MADISON - When the Wisconsin athletic department announced the eight early enrollees in mid-January, it garnered much excitement because it meant some of the class’ top prospects were finally in the fold. It also meant that junior college transfer Serge Trezy, a 2014 commit, was finally cleared to start participating with the Badgers after having to delay his enrollment by a year.
But for the fans that follow recruiting a little more closely, it also signified the signing of 6-1 linebacker Ty DeForest from nearby Marshall High School, who decided to walk-on for Wisconsin. Normally fans don’t get too excited or talk a lot about the walk-ons who sign with a program, but DeForest has jumped right into the mix in the middle of the Badgers’ defense.

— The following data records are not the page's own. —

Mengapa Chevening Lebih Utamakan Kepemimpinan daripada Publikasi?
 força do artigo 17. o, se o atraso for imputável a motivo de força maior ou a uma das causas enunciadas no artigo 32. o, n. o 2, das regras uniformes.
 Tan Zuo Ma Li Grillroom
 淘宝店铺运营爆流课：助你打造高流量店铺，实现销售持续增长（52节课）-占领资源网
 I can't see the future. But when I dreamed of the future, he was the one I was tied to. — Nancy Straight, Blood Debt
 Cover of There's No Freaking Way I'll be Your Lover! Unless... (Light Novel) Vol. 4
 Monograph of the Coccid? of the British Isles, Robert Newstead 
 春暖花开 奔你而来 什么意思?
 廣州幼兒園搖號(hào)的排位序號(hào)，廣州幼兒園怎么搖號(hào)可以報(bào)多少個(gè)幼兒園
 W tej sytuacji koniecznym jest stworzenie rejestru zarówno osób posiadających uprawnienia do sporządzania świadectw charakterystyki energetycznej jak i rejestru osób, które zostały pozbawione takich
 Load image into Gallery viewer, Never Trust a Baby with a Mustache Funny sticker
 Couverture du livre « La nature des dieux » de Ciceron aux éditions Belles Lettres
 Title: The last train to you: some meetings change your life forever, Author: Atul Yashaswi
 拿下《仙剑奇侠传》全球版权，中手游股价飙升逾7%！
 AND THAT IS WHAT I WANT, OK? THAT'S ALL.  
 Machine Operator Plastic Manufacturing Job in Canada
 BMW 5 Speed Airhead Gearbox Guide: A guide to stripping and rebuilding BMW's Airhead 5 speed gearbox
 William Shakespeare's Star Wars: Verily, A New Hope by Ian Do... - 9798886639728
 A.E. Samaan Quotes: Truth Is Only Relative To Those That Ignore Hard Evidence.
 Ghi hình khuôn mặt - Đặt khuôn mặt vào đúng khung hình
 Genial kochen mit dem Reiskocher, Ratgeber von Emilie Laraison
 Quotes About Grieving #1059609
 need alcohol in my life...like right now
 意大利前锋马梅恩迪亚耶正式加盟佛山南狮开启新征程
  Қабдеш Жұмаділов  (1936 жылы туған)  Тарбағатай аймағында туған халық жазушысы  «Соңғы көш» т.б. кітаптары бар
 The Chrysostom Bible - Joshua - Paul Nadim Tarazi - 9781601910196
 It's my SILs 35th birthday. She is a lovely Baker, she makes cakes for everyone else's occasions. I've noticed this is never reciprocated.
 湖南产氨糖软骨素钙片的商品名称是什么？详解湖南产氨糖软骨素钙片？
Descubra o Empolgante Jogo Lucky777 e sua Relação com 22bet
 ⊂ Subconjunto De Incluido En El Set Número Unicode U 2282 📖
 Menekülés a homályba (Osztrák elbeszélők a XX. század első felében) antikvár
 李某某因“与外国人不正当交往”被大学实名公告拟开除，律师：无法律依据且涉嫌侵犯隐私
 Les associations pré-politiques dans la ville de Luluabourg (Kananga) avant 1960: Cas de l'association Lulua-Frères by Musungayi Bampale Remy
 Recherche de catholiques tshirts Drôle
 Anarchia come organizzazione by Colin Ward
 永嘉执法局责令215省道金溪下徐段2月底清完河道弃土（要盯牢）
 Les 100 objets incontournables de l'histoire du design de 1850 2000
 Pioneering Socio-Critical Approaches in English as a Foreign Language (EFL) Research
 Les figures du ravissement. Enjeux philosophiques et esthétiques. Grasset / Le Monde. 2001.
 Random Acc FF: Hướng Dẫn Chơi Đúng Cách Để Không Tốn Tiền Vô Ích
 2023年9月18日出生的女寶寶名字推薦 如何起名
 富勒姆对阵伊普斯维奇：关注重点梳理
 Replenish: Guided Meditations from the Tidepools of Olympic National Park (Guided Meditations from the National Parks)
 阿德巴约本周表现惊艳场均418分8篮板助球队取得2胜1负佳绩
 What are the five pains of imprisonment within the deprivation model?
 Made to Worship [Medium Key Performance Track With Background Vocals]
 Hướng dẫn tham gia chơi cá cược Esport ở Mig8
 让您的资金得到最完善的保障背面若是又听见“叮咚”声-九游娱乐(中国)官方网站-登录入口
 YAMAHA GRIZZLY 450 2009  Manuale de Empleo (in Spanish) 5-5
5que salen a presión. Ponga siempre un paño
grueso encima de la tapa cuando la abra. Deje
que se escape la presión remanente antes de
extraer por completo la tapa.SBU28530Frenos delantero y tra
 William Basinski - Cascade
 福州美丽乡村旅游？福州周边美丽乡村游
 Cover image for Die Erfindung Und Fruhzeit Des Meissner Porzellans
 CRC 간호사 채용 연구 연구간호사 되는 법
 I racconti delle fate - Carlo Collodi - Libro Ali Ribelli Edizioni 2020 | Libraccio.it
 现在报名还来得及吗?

DeForest, who comes from a school of about 400 kids, has demonstrated versatility on the football field by being able to make an impact in all three phases of the game. DeForest did have scholarship offers from Illinois State, Western Illinois and Southern Illinois, all FCS schools, but playing for the home state school was too hard for him to pass up.
“It was a tough at the beginning because I had scholarships elsewhere, so I didn’t have to worry about anything,” DeForest said. “But growing up in Wisconsin, it wasn’t a hard decision for me to decide to chase my dream of playing for Wisconsin and wearing the Badger uniform.”
While playing quarterback, running back, kicker, punter and handling both punt and kick return duties, DeForest excelled at linebacker, the position he’s been working at for UW. DeForest, a three-time Capitol South Conference Defensive Player of the Year, is entering Wisconsin at the right time before the other scholarship linebackers arrive in Madison. Not only are the Badgers projected to go through three different installs of the defense, Wisconsin lost seven linebackers from last season, meaning the reps he’ll receive will help him get a jump on some of his classmates.
“I know there will be a chance for me to show what I can do at the linebacker position,” DeForest said. “The reps I’ll receive (this) spring will be invaluable. I just have to be able to make the most of the reps that I get. It will be all mental preparation. I know I’ll be able to go out and play, that isn’t a concern, but being able to mentally prepare will be a challenge.”
DeForest made his Wisconsin commitment just days after former head coach Gary Andersen resigned to take the coaching job at Oregon State. No coach in place didn’t bother DeForest since he had the confidence that Athletic Director Barry Alvarez was going to find the right man for the job.
“I was excited when Paul Chryst was announced as the head coach, but I knew Alvarez would make a good decision to help protect the legacy and continue to build the brand that is Wisconsin football,” DeForest said. “Obviously he did when he hired Chryst. Chryst understands Wisconsin football and what it takes to win here, and I’m excited to be able to play for him.”